This incident has opened my eyes in many ways, especially when it comes to asserting myself in a situation that God asks me to participate in. Now to put it into practise.
This is a fancy door handle and some crunchy fall leaves in Saint John, New Brunswick.

Wednesday, October 10, 2007

road tripping



Whew! I just came back from my third road trip in 7 weeks and though I love traveling and driving, I am glad I didn't say YES to a fourth one to Nashville this week!

I am continuing to read Velvet Elvis by Rob Bell and would recommend it to anyone who is interested in truth, reality, and embracing the constantly changing journey of faith in a refreshingly honest and accessible way. One thing he says that has stuck with me is how the reading of the bible has become a solitary practise when it was always meant to be read and discussed and wrestled with in a community setting where questions could be posed and multiple viewpoints, additional knowledge, and various insights could give one a more balanced and definitely more interesting reading experience.

In fact, I would daresay that many things that we do privately in our individualistic culture are meant to be done in a community setting, especially where matters of faith and character development are involved. You can't hide in a community; you can't isolate yourself in a community; you can't get away with bad attitudes in a community; your inadequate beliefs will be challenged in a community; your inconsistencies will be brought to light in a community; you have to be honest with yourself in a community; and you will learn to love your neighbour in a community. These are all good things.

Spending countless hours with others in a car or at a retreat is a small taste of community life and I can testify that I am a better person for it, because it challenges me to be open and honest 24/7. It also presents me with a bigger picture and a larger experience of who this wonderfully creative and multidimensional God is as I come in contact with many who are very different than I am yet nonetheless, totally made in his image.

This is a horse in New Brunswick hoping for a snack instead of a photo op. Sorry, buddy.

Thursday, October 04, 2007

fear not little children



I was driving home from an osteopath appointment yesterday and turned on the radio just for fun. There was a talk show going on and they were discussing how to make your kids more safety aware, especially regarding strangers. The guest was a police officer who had some interesting things to say. She dispelled a few myths and made some very good points.

1. "Never talk to strangers" is a bad motto to follow. It is normal and expected that children (and adults) will talk to strangers everyday. Instead, she suggested the guideline, "Never go anywhere with anyone unless you talk to us (the parents) first." She said kids should not be made to fear all strangers. Sometimes kids have become lost and the rule, "Never talk to strangers" kept them from asking for help.
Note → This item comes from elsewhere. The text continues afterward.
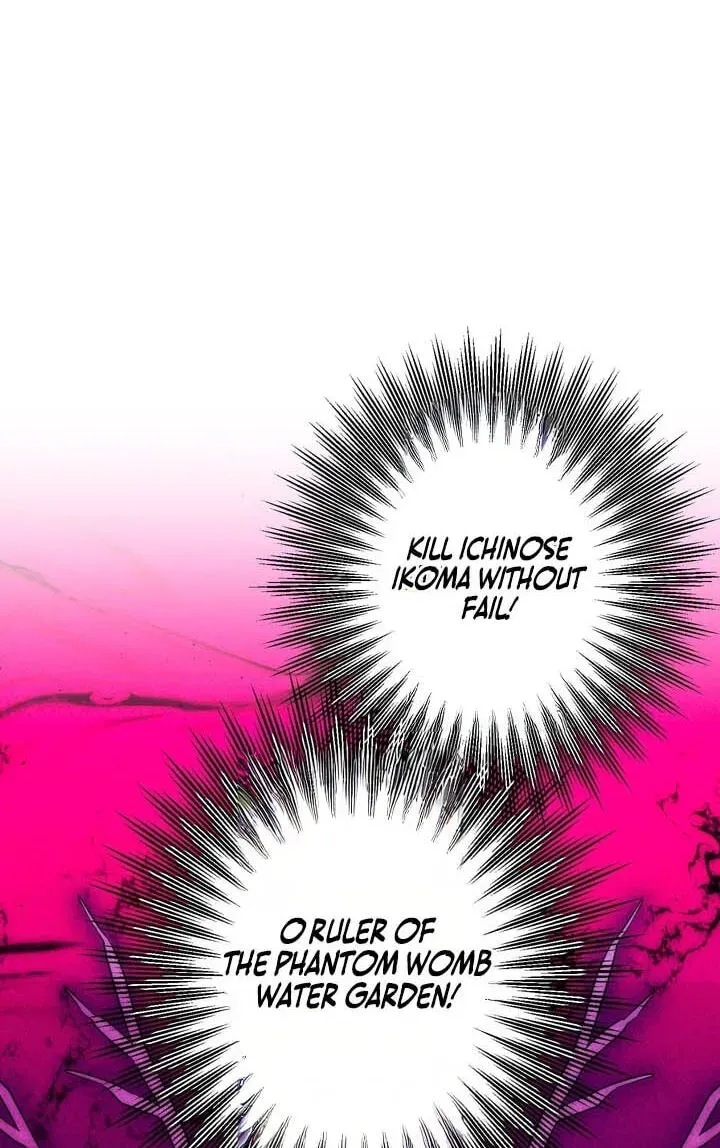 Reborn Ranker – Gravity User Chapter 191 page 14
2. Some parents say they would rather instill fear in their kids than have them get hurt. The police officer said that making your kids fearful is really a harmful thing, since someone who is fearful is more vulnerable to deception. Most children have an inherent instinct to be able to tell a safe person from a bad person and when they are made fearful, this instinct is tampered with and they are just fearful of everyone. In the long run, this makes them more susceptible to those who are predators as these offenders often are good at manipulation and offering a fake sense of safety, and since the child is looking for safety but is not sure what that looks like because his judgement is clouded by fear, he is an easy mark.

Wow! This was a big reminder for me not to let fear rule my decisions nor be a motivating factor in my life as it is a deceiver and opens the door to more deception. Yuck! Let fear go...let love and discernment in.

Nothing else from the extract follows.